Hatice Goz, a volunteer psychologist in Turkey's Hatay province, said she has been fielding a barrage of calls from frantic parents looking for missing children.
Millions 'need to be fed'
In Antakya, clean-up teams have been shifting rubble and putting up basic toilets as the telephone network started to come back in parts of the town, an AFP reporter said.
The city was patrolled by police and soldiers deployed to prevent looting following several incidents over the weekend.
"Send any stuff you can because there are millions of people here and they all need to be fed," Turkish Interior Minister Suleyman Soylu appealed late on Sunday.
Aid packages, mainly clothes, were opened and spread across the streets in Hatay province, according to NTV. One video showed aid workers throwing clothes randomly into a crowd as people tried to grab whatever they could.
Soylu said rescue efforts had ended in seven parts of Kahramanmaras.
The economic cost of the disaster could be as much as $84.1 billion, Turkish employers' association Turkonfed said in a report Monday.
Focus on Syria
In Syria, the toll has barely changed for several days and is expected to rise.

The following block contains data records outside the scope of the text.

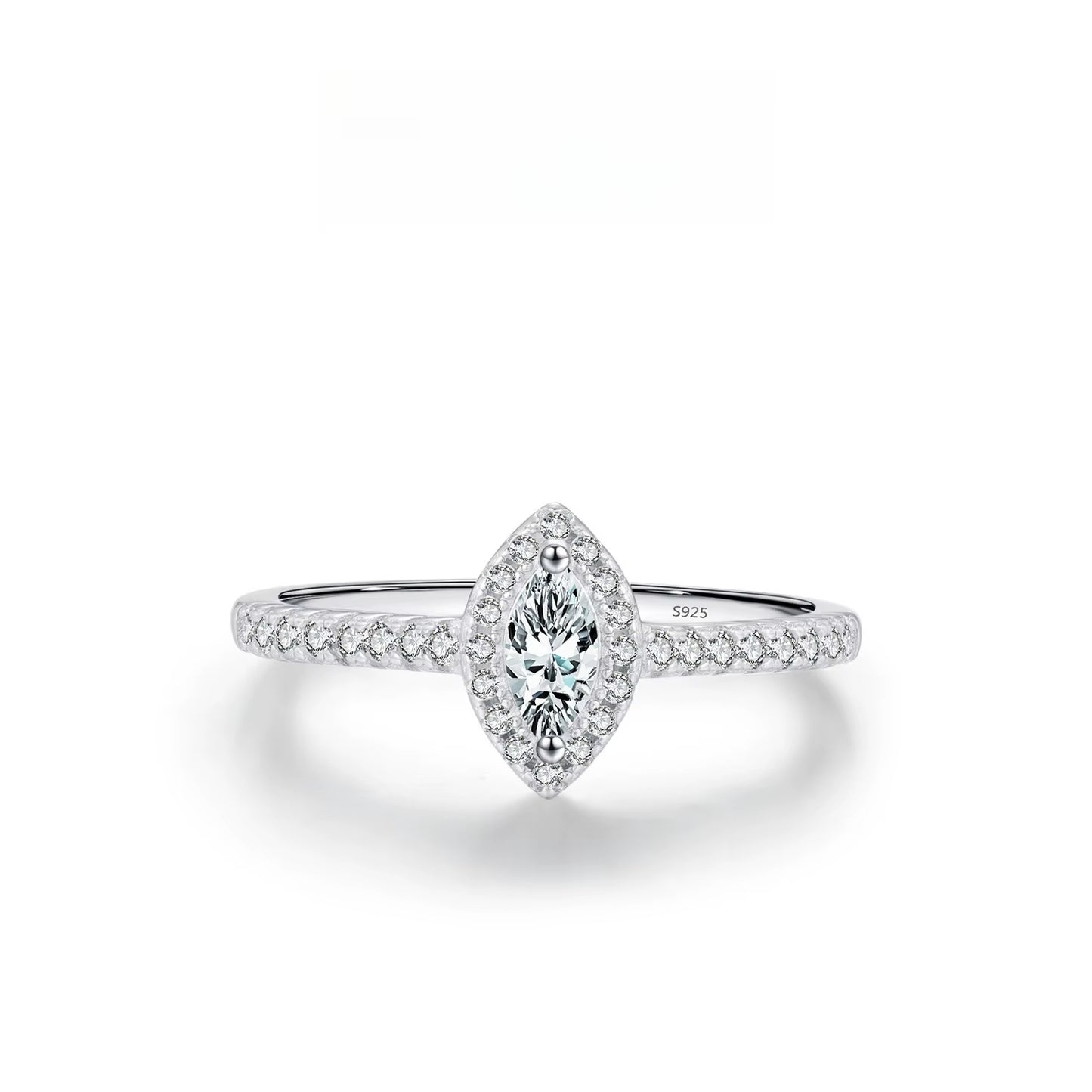 Marquise-Cut Sterling Silver & Zircon Ring — Elegance Shaped by Light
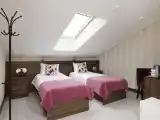 2 Bedrooms Sky Quadruple Attic room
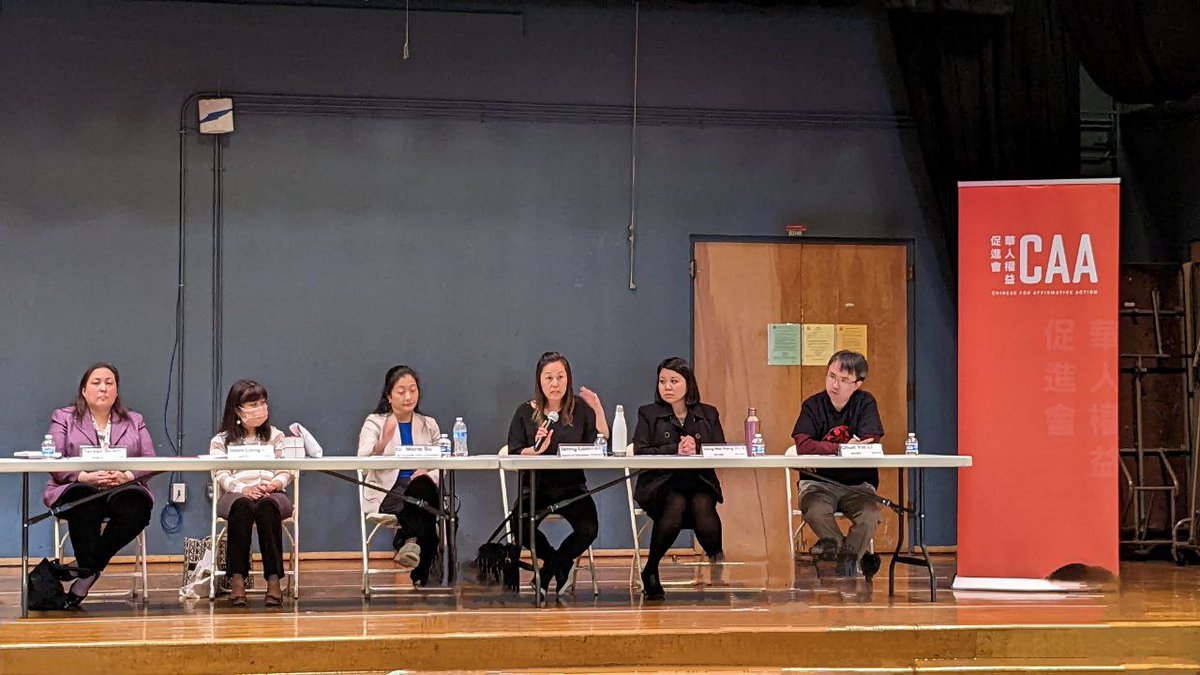 Community School Safety Townhall with @CCSJ_SF @CAAsanfrancisco @SFUnified leaders, answering questions that parents have regarding recent incidents btwn students. Thank you to this coalition for pulling community together w/ open communication, education + honest conversations.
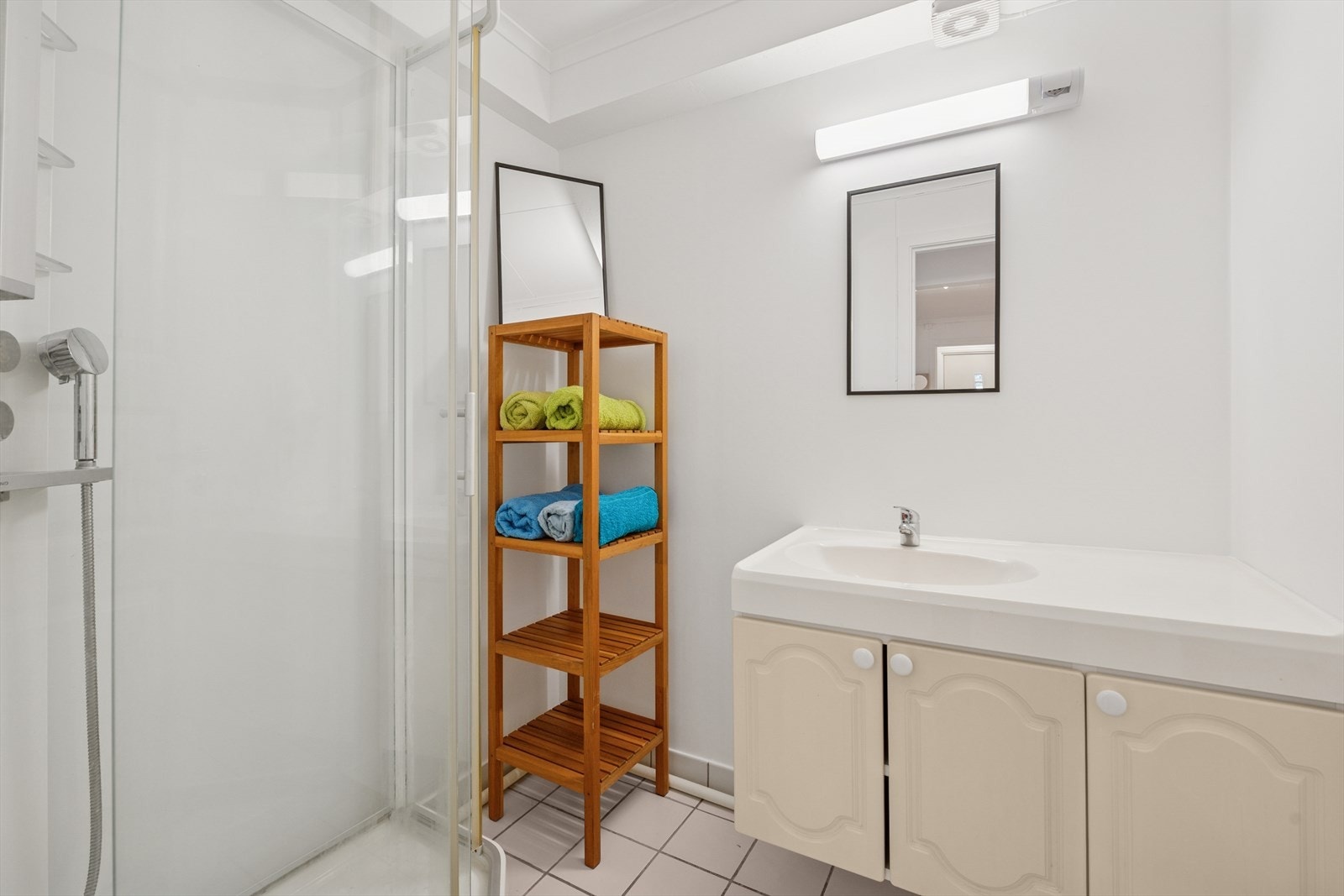 Bad med servant med servantskap og dusjkabinett Galleribilde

UN humanitarian affairs chief Martin Griffiths was to give a presentation to the UN Security Council on the situation in Syria, after visiting the region over the weekend.
"We have so far failed the people in north-west Syria," Griffiths said Sunday on Twitter.
"They rightly feel abandoned," he said, adding that it was the international community's obligation "to correct this failure as fast as we can."
A 10-truck UN convoy has crossed from Turkey into northwest Syria via the only open border crossing to the region, carrying shelter kits, an AFP correspondent reported Sunday.
However, UN officials said more was needed for the millions whose homes were destroyed.
On Monday, Sudan sent a flight carrying 30 tonnes of aid to Syria.
The head of the World Health Organization, Tedros Adhanom Ghebreyesus, said Damascus had given the all-clear for aid convoys from government areas, but that the WHO was still waiting for a green light from rebel-held areas before going in.
"The compounding crises of conflict, Covid, cholera, economic decline and now the earthquake have taken an unbearable toll," Tedros said.